Captioned web images -
* * * *

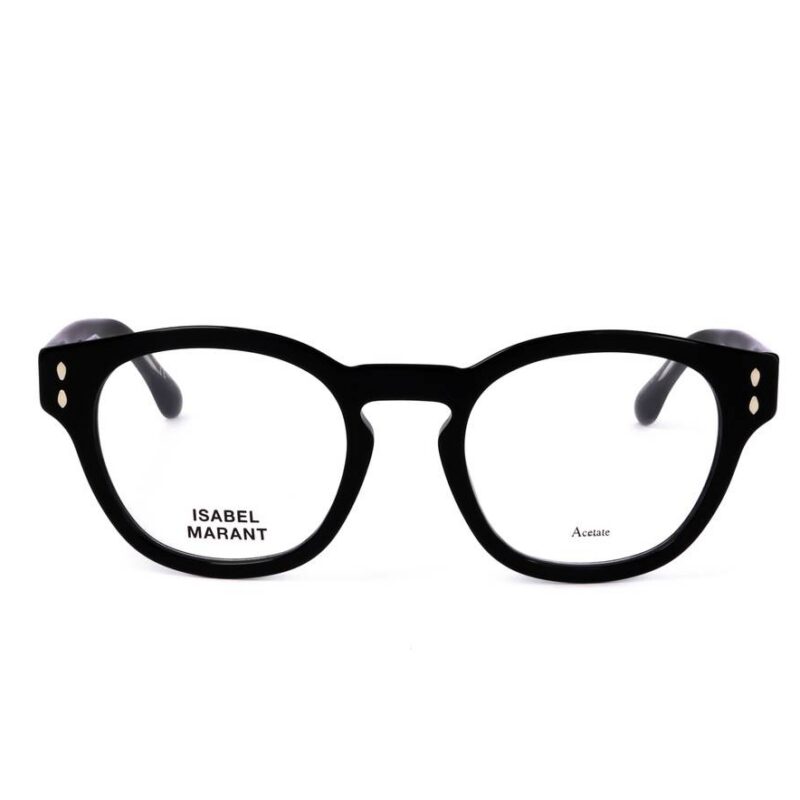 ISABEL MARANT IM 0019 BLACK Women's Eyeglasses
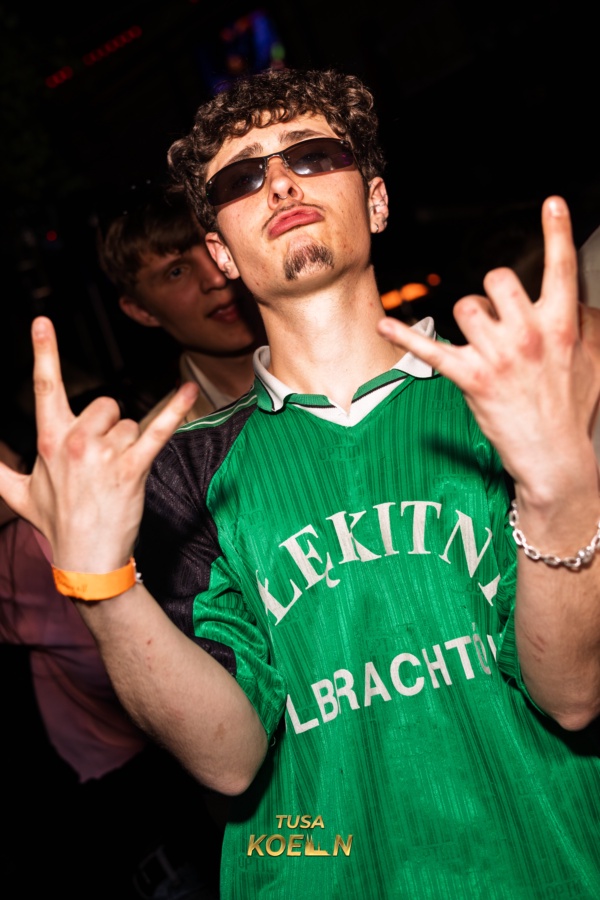 KÖLN | 25.04 | BOLLWERK CLUB — vpiska, Köln (Foto 93)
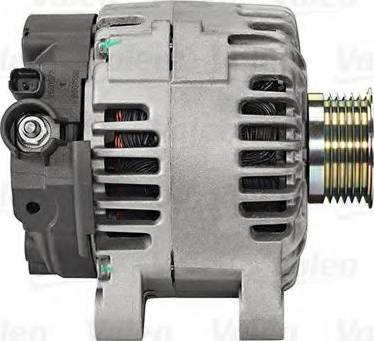 Valeo 746043 - Ģenerators www.autospares.lv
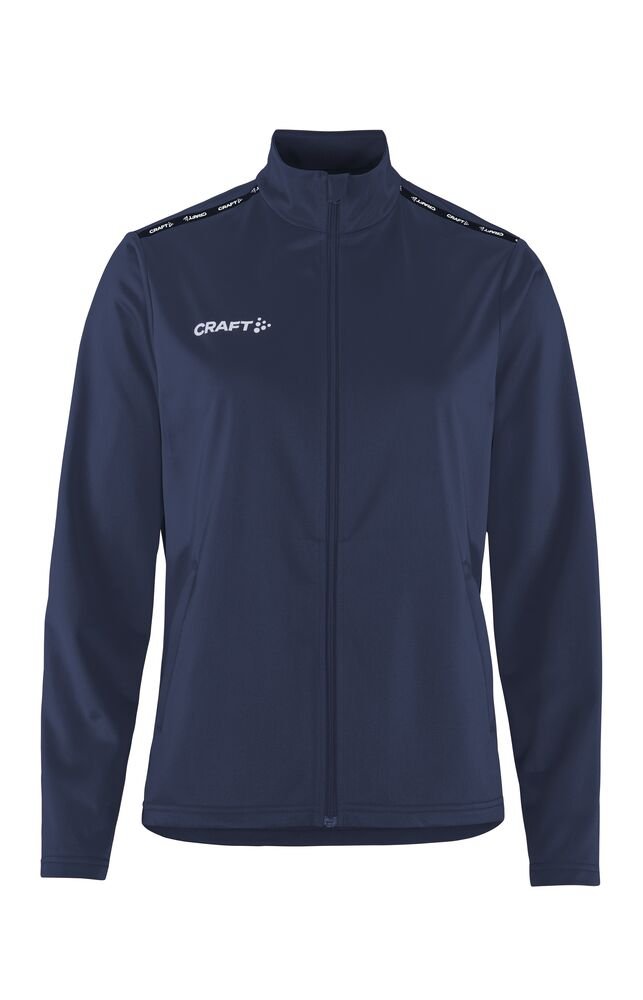 1915348-390000_Squad-Go-FZ-Jacket-W_Front Squad Go Fz Jacket W - Bilde 1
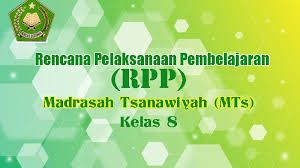 2 x 40 menit (1 kali pertemuan) a. Rpp Fiqih Kelas Viii Semester Genap Kurikulum 2013 Revisi 2919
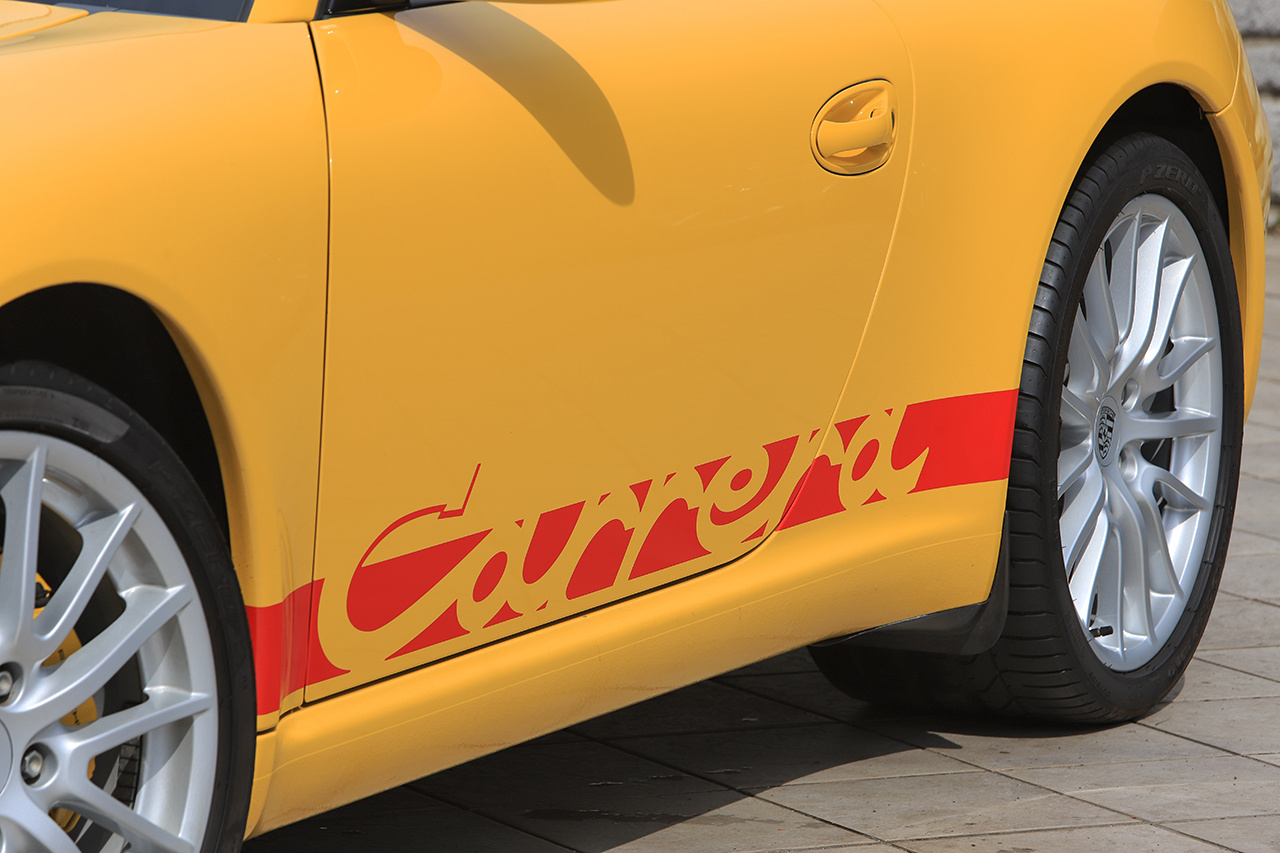 2006 Porsche 911 null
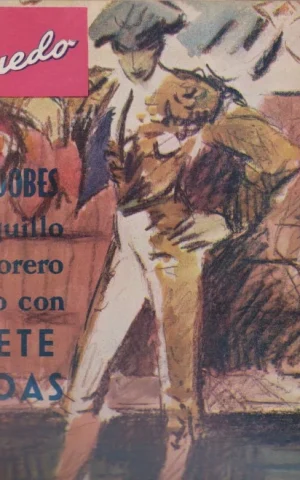 EL RUEDO. NUM. 913. AÑO 1961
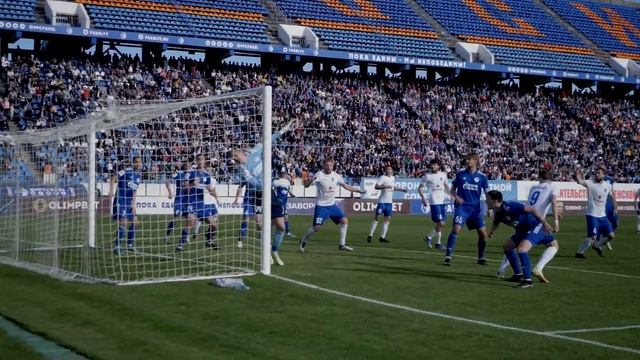 «Факел» – «Волгарь» | Вокруг матча смотреть онлайн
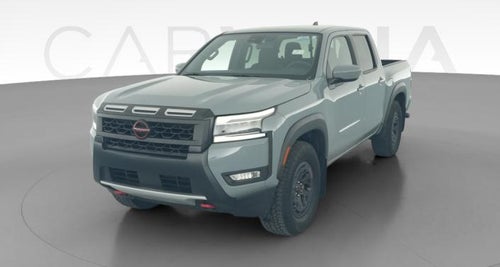 2025 Nissan Frontier Crew Cab
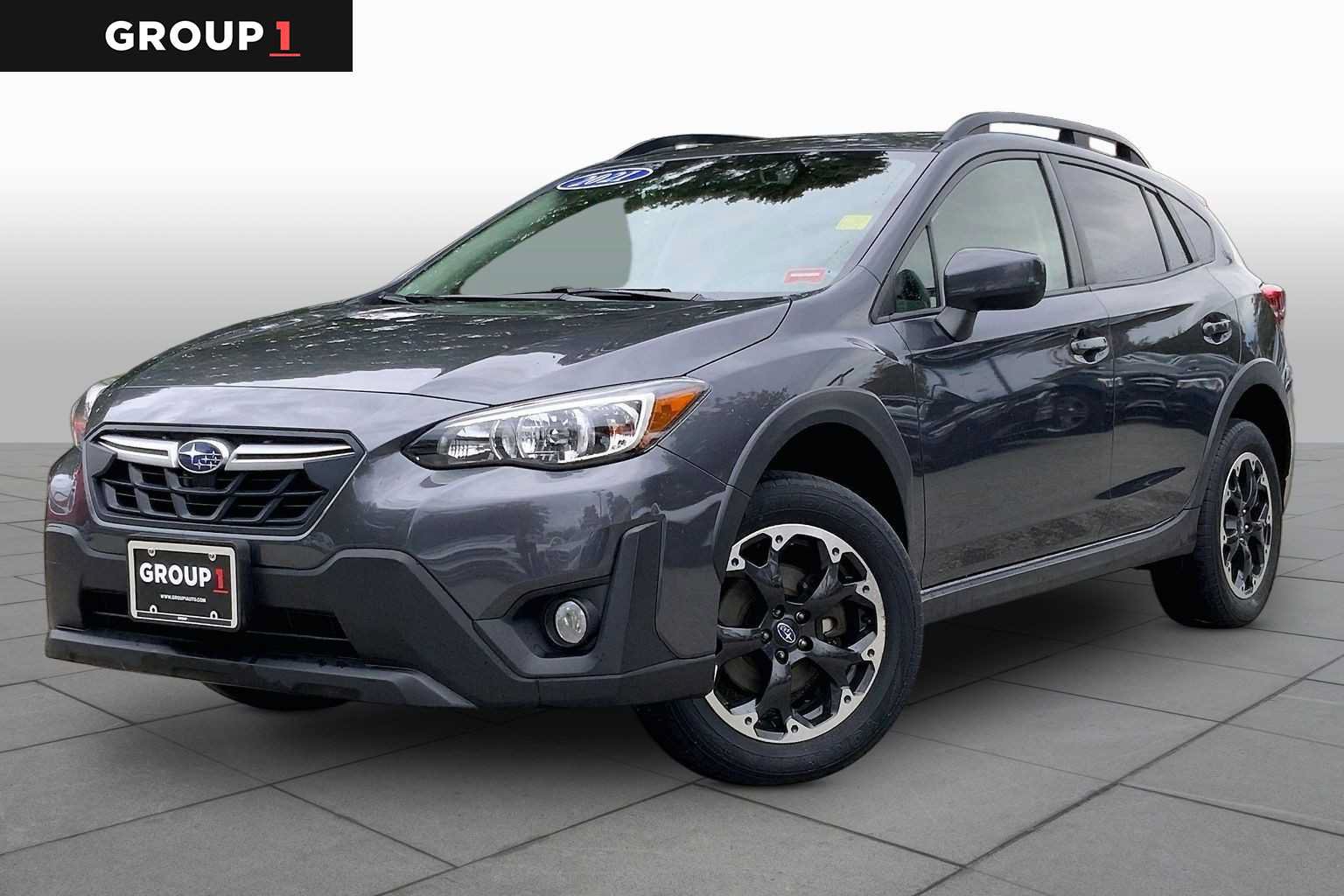 Used 2021 Subaru Crosstrek 2.0i Premium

* * * *

What is required - Only the pictures are to be omitted; the records above must otherwise be reproduced exactly.

Expected output -
 ISABEL MARANT IM 0019 BLACK Women's Eyeglasses
 KÖLN | 25.04 | BOLLWERK CLUB — vpiska, Köln (Foto 93)
 Valeo 746043 - Ģenerators www.autospares.lv
 1915348-390000_Squad-Go-FZ-Jacket-W_Front Squad Go Fz Jacket W - Bilde 1
 2 x 40 menit (1 kali pertemuan) a. Rpp Fiqih Kelas Viii Semester Genap Kurikulum 2013 Revisi 2919
 2006 Porsche 911 null
 EL RUEDO. NUM. 913. AÑO 1961
 «Факел» – «Волгарь» | Вокруг матча смотреть онлайн
 2025 Nissan Frontier Crew Cab
 Used 2021 Subaru Crosstrek 2.0i Premium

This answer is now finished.